Aim This study aimed to contribute to the development of modern mouthguards by evaluating the stresses generated by hook and uppercut punches applied during combat sports on dentoalveolar structures and mouthguards, the protective effectiveness of different mouthguard designs, and the resulting deformations using three-dimensional finite element analysis.Materials and Methods Three-dimensional solid models of the maxilla, mandible, teeth, alveolar bone, and mouthguards were constructed using an anatomical head model with Class I occlusion and complete permanent dentition. A conventional mouthguard with a uniform thickness of 4 mm made of ethylene vinyl acetate and a hybrid mouthguard consisting of a 3 mm polycarbonate occlusal surface with EVA axial walls were modeled.

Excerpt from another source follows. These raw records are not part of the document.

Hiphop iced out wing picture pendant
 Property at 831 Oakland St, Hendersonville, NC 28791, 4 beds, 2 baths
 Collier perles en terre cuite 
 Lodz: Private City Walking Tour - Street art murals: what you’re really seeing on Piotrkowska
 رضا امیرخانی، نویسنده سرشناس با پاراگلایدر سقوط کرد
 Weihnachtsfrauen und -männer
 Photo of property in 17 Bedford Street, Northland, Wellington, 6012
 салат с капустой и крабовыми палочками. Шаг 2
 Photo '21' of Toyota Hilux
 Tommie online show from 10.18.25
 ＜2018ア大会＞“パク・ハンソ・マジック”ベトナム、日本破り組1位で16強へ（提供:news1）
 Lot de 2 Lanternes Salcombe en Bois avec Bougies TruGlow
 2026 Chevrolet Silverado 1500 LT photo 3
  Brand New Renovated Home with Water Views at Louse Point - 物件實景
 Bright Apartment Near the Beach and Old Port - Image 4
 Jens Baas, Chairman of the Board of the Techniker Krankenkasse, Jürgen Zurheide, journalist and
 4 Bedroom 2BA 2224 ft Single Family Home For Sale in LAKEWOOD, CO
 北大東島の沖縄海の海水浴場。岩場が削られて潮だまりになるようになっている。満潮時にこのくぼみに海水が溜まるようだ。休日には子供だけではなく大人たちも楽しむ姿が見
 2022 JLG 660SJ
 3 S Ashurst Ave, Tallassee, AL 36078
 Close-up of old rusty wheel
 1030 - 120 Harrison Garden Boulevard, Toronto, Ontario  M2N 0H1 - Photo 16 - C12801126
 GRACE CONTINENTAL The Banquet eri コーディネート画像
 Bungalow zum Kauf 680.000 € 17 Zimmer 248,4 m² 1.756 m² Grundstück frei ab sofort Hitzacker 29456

Hook and uppercut punch loads were simulated at an impact velocity of 12 m/s with an effective mass parameter of 5 kg. Von Mises equivalent stresses and displacement values occurring in the jaws, teeth, alveolar structures, and mouthguards were analyzed using three-dimensional finite element analysis.Results During hook and uppercut punch application, the highest von Mises stress values in the mandible were observed in the model without a mouthguard (200 and 520 MPa, respectively), while the lowest values were detected in the model with a hybrid mouthguard (170 and 260 MPa). Similarly, mandibular teeth exhibited the highest stress values in the model without a mouthguard (1100 and 1600 MPa) and the lowest values in the hybrid mouthguard model (300 and 500 MPa). Stress transmission to the maxilla and maxillary teeth was minimal in all models. For both punch types, the hybrid mouthguard demonstrated higher stress values than the conventional mouthguard. In models using mouthguards, maximum displacement occurred later after impact, and deformation was distributed over a wider surface area rather than being localized.Conclusion Hybrid mouthguards demonstrated superior biomechanical performance compared with conventional mouthguards by reducing stress transmission to dentoalveolar structures. The combination of a rigid occlusal component and flexible axial walls enabled more effective energy distribution, particularly under high-energy vertical loading. These findings suggest that hybrid mouthguards represent an effective option for preventing dentoalveolar trauma in combat sports.